Sunday, October 23, 2005

Our roof is still leaking. Plus the water is starting to go into the kitchen wall.And the roofer isn't returning our calls. Now what do we do?

We had 20-30 people over for a potluck yesterday; it was really nice to see a bunch of our friends, meet a few new people, and get to hang out for a while. We need to get ourselves invited to other people's houses more, though, so we don't have to clean before AND after.

A slept for the first hour of the potluck. When I brought her down, I was afraid she was going to freak out because of all the people, but she did really well. She was a bit overwhelmed, and had to turn way from everyone sometimes, but overall handled it great. Only six months ago, she cried whenever someone outside of her immediate family LOOKED at her. She's come a long way!

I am hoping, though, that we're done paying for our sin of leaving her for all of five hours last Friday. My friend Mala came into town and Dan and I went to a party with her Friday night- other than C's hour-long open house, the first time we've been alone together since A was born. The kids stayed with Nana and Yeye, and we all spent the night. A wasn't thrilled while we were gone, but apparently she held up all right until bedtime, at which point Nana had to keep her in the sling to keep her content- which isn't unheard of at our house, either! BUT, ever since then, she's been super clingy, and for the first few days she was horribly "not-the-mama," even with Dan sometimes.

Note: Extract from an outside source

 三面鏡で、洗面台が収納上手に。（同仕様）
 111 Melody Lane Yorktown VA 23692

We had an excellent time at the party, though; food and drinks and music and friends and NO KIDS. Despite an unfortunate swing-dancing accident, we had a blast. Too bad we can't do it again without incurring A's wrath....

Friday, October 21, 2005


This activity sheet came home with C from Kindergarten today. Is anyone else as confused and disturbed by "boo blocks" as we are? (there were no additional instructions) Posted by Picasa

Tuesday, October 18, 2005

I really shouldn't make fun of other people's kids' names- who am I to judge after all- but I received an e-mail from a very nice woman today whose kids are named Samuel and Delia. I did a double-take before realizing that they're not ACTUALLY Samson and Delilah, but....

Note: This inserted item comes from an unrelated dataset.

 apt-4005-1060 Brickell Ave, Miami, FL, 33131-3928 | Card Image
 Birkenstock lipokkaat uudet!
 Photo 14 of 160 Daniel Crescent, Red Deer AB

I'll write about our Night Without the Kids soon. But probably not in like 5 minutes. (Is it obvious Dan and A aren't yet home and C's in bed?)

And a happier post

The rest of the family went to the local coffeehouse to listen to some bluegrass tonight, and I picked C up at 8 to get him home for bed. On the walk home he pretended he was climbing onto some monkey bars and swinging across them. And there was a special button on top, and when he pressed it, it made it so when he came down, he was in Arizona! (There was a long, detailed explanation about how I got to Arizona too, but it involved rules of physics I haven't learned yet, so I can't recreate it here.) The rest of the walk home he talked about how Uncle Monty's ranch (the REAL Uncle Monty, not the imposter Uncle Monty) was right up ahead (from a Trixie Belden book we read like two months ago), and he played the game all the way through his going to bed routine- how the ranch was decorated so beautifully, and how he was going to meet Trixie and ride horses tomorrow, and how he'd better take off his shoes so he didn't track desert sand into the house. It felt like my C was back; the one I haven't seen since August. I hope he stays a while, now that he's gotten into the school groove.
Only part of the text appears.